One last thing, what do you prefer: dynamic typing or static typing? If you prefer dynamic Elixir is going to feel much better than Scala. If static typing is a must for you, Scala is your choice...

Also in Scala you get all of Java's ecosystem in terms of reusable libraries.

Elixir looks great and the Erlang VM is exciting and I know that my next language to play with is going to be Elixir. But this is because I already know Scala pretty well. (My main day job language)

Elixir all the way. The earlier you get in on this wave, the better for you... although it may take a year before the offers start rolling in. Just find whatever work you can now in it or at least pick up the basics. It's fun!!
Why not both?
Language rarely matters, but Scala is were the action is today and probably in the future.

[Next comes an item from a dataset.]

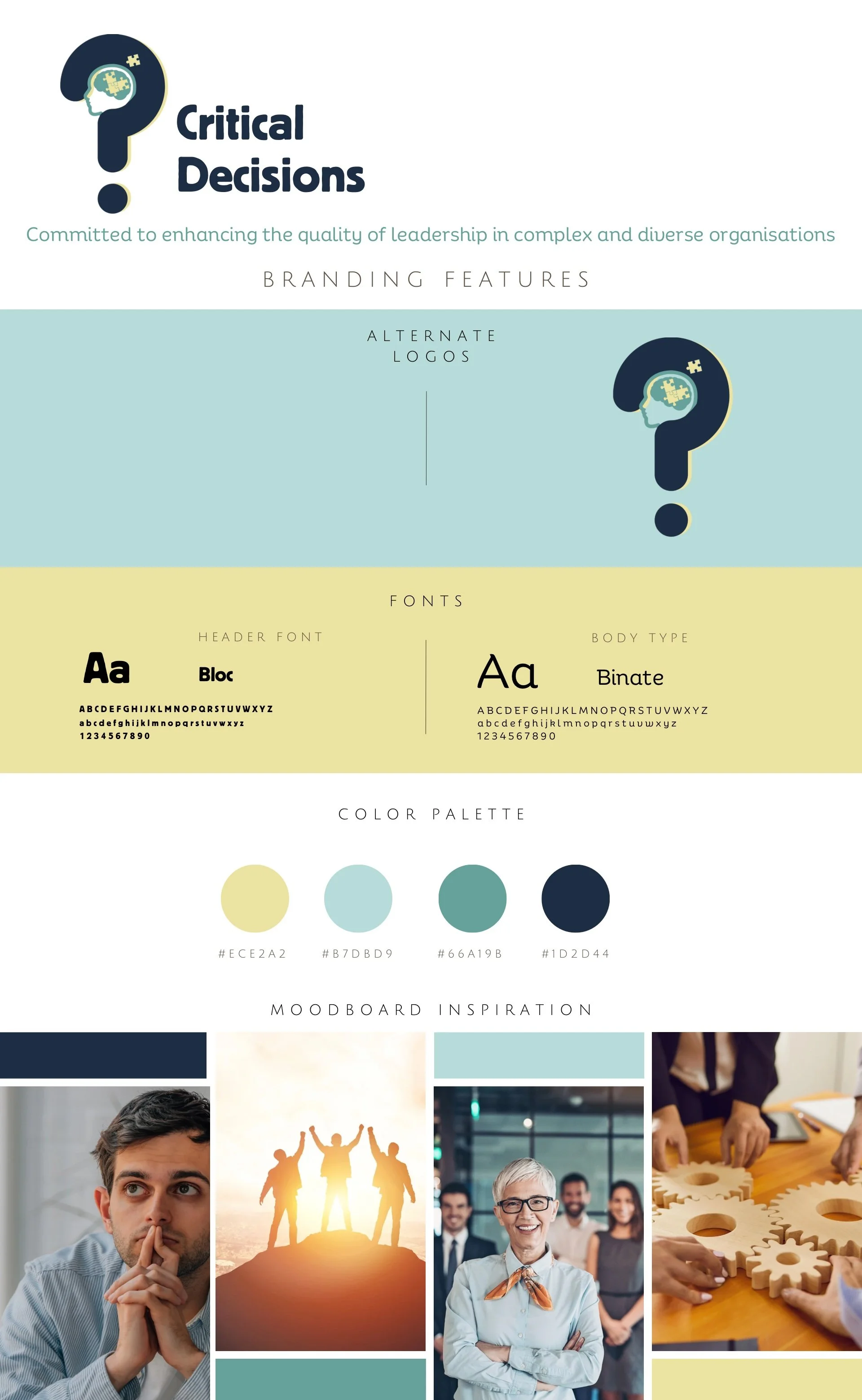 Critical+Decisions+Branding+Board.jpg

Both languages could be considered "add-ons" on top of their runtime, so you have to think about how likely it is that the "base" language gets good enough to slow down adoption significantly.

In Scala's case it's quite unlikely that Java will ever be able to even decrease the gap let alone closing it.

Elixir feels a lot like CoffeeScript in that regard.

> Elixir feels a lot like CoffeeScript

Elixir's syntax bears some resemblance to CoffeeScript (both were influenced by Ruby's syntax) but otherwise it's hard to imagine a language more unlike CoffeeScript/JavaScript.

I meant in terms of being obsoleted by their "base" language (JavaScript).
Yes, the added "in that regard" makes that clear.